My high hopes were sinking lower by the minute when I couldn’t even figure out how to untie my apron that was rolled into the size of a croissant with the strings tucked tightly inside.
Our first task was to chop an onion. As the chef demonstrated the wonder of a new ceramic knife, he cautioned us to be careful if we dropped it since it would shatter.
He told us a few lucky stations would be equipped with ceramic knives.
Hoping I could handle just a regular old knife, I was dismayed to see that indeed my station contained a ceramic knife.
The chef complimented everyone’s skills but waved his knife in my direction.
“First you should probably peel the skin off the onion,” he said. “We don’t really want to eat crunchy onions in our French onion soup.”
I felt like all eyes were on me as I belatedly tried to strip off the skin. I imagined my cooking-mates making a mental note to avoid eating whatever I contributed.
We then learned to dice, chop and julienne carrots, potatoes, celery and leeks. Respectful of my ceramic knife, I carefully worked. Everyone seemed to be successful with their knives while the chef pointed out my errors.
I wasn’t holding the knife correctly. I chopped at the wrong angle. I wasn't holding my hands in the proper position.

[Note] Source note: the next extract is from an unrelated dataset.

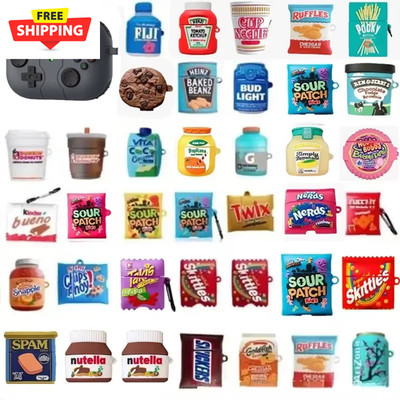 3D Cute Cartoon Candy Snack Case for AirPods 1 2 3 4 Pro 2 Silicone Cover Gift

He said I was at risk for losing a few fingers.
Finally he said, “Your problem is that you are not controlling the knife, the knife is controlling you.”
Trying to control my deflated spirits (instead of worrying about my knife), the chef said to me, “Hey, cooking is supposed to be fun!”
The chef was right. I wasn't having much fun.
I questioned why I ever thought I could take a step outside my comfort zone and learn to cook.
I doubted that I was made for cooking and figured maybe I should just give up.
I wondered how this could be a beginner's class since it seemed like all of my classmates already knew how to cook.
But I had to stop. Stop comparing myself to everyone else.
To salvage the night and learn something new, I knew I had to view this course as an opportunity for growth, purpose and adventure.
But isn't that how I feel when I let God control my life instead of managing it on my own?
I want to keep things safe and secure.
I want to know the risks involved before I commit.
I want to know how difficult it’s going to be and if it will turn out okay before I say yes.
But that's not usually how God works. When he's in control of my life plan, he controls the outcomes.
An adventure with God is not safe because he wants to make me brave.
It’s not predictable because he asks me to trust him.
It’s not easy because he asks me to engage my faith.
The more I learn about his mysterious ways, the more he seems to be asking me to go beyond my ordinary. Step out of my normal and reach way on the other side of my usual.
Instead of being careful, he wants me to face life with courage and move forward without knowing all the answers.
As in any relationship, there are days that make the heart soar high and nights that make the tears stream down.
But God promises to be there with me through it all.
For the rest of my cooking class, I tried to silence the whispers of my insecurities and tell myself that I did belong here. I was determined to learn how to cook. It was just going to take me a little more practice.
I zested some limes for our homemade pico de gallo and sautéed onions for soup.
My hair was a casualty of the sizzling onions, though since the pungent aroma enveloped it.
I went home and tried to wash the onion fragrance out of my hair. I got in bed, pulled the covers up over my head and cried. But I wasn't going to quit.
And still all I could smell were the onions.
I’ve spent the week thinking about cooking and knives. It’s complicated.
But complicated relationships are often worth pursuing.
So I'm not going to break up with cooking.
I'm not going to let my knife control me.
I'm going back for my next class.
And maybe I’ll even be ready for an exclusive relationship with my knife by the second date.